Bio: Camron Michael Amin
Camron Michael Amin (Ph.D, U of Chicago, 1996) is an associate
professor of history at The University of Michigan-Dearborn. He is the
author of The Making of the Modern Woman: Gender, State Policy and Popular
Culture, 1865-1946 (2002) and a co-editor of The Modern Middle East: A
Sourcebook (2005). His current research projects include studies of higher
education, journalism and globalization in Iran. And he really needs more
sleep than he gets.
Abstract
Faculty Housing at Isfahan Techonological University in 1978: Blurring
Private and Professional Lives by Design
Faculty housing at ITU was designed as integral part of an effort to create
a separate and self-contained university community, near but outside of
Isfahan. It was to have its own commissary, recreations facilities and
schools so as to make leaving campus a luxury rather than a necessity.
Private faculty lives were to be lived close to the intellectual and social
mission of the univeristy. Designed in the early 1970's as a branch of
Tehran's Aryamehr Technological University, it came into existence as the
Pahlavi regime that created it began to crumble in 1978. The ideal of a
harmonious community of scholars, teachers and students gave way to a much
more stressed and fractious community in which political and personaltiy
conflicts mixed with the academic and administrative routines of a
university that was still under construction culturally and materially.

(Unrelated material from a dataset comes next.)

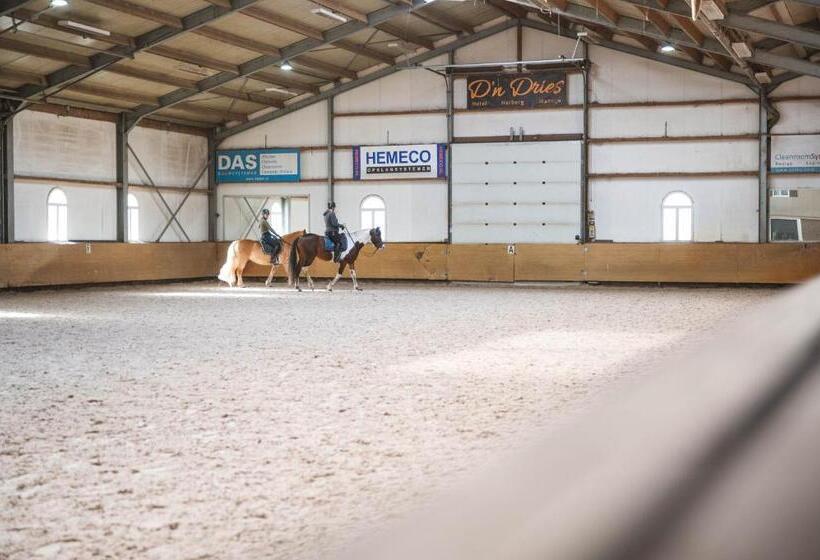 هتل Restaurant D N Dries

Because the community was designed to be insular, it served as something of
a pressure cooker as the line between work and home --blurred by design --
faded altogether. Design of the campus, from its beginnings in the Ministry
of Science and Higher Education, will be explored through interviews with
the architect and the first two chancellors of ITU. A picture of daily life
at ITU in 1978 will be drawn from interviews with former residents.